そして、これから先、この日が好きになることはないだろう。
絶対にない‼︎
なくなってしまえばいい‼︎
7月5日なんて‼︎
7月5日なんて…
7月5日なんて……
俺の誕生日なんて、
大嫌いだ!!!!
「生クリームってさ、暑いと溶けるの早いんだぞ」
テストが午前中で終わり、日差しが一番きつい中、下校させられている晶と薫は、先ほど買ったばかりのアイスを食べながら、バスのベンチに座り、帰りのバスを待っていた。

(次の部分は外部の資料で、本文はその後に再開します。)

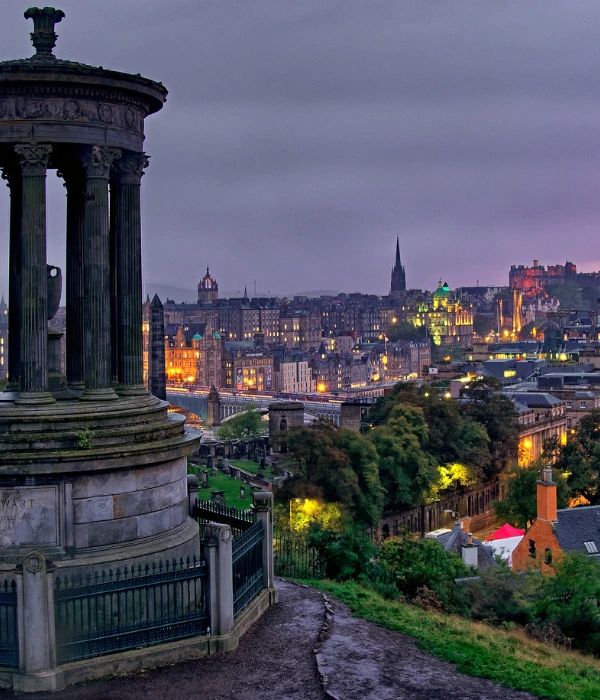 Hotel Book in Scotland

「知ってる。だから家から一番近いケーキ屋さんで、晶のバースデーケーキ頼んでる」
「そのケーキ……ホールなんだろ?」
食べれるのか?
そんなに…
俺、甘党じゃないから、2人でホールひとつは……
でも残すのは、ここまでしてくれている薫に悪い。
だから、今日は昼飯抜く。
本当はチョコミント味のアイスが食べたかったけど、甘い物はケーキにとっておきたいから、
今日は甘さ控えめ、練乳なしのカップのかき氷。
それにしても、今朝から薫のニヤニヤが止まらない。
あまりにニヤニヤしてるから、先生に
『長谷部、お前テストが楽しみなのか?』と、言われてたほどだ。
「今日さ、俺、本当に楽しみなんだ」
本当に嬉しそうに微笑みながら、薫が晶を見た。
「それ、何回も聞いた」
晶は薫の言葉を聞いて苦笑いしたが、本当は自分以上に自分の誕生日を楽しみにしてくれている事が、嬉しかった。
「実はサプライズもあるんだよー」
言いたくてウズウズした薫が、とうとう言ってしまった。
「サプライズって、秘密にするからサプライズで、サプライズあるってバラしたら意味ないじゃん」
「あ‼︎‼︎」
しまったという顔を薫がしたが、もう遅い。
「別に…内容言ってないから…大丈夫‼︎」
慌てて言い訳する薫の姿が、晶にはなんとも可愛く見えてしまう。
昔から薫はそうだ。
秘密ごとは苦手。
特に楽しい秘密は。
どうしても言って、みんなで一緒に喜びたいみたいだ。
どうやったら、そんなに可愛らしく、スクスク育つんだ?
薫、お前はそのまま、まっすぐ育てよ。
同い年なのに、晶は薫のことになると、父親か兄目線で見てしまう。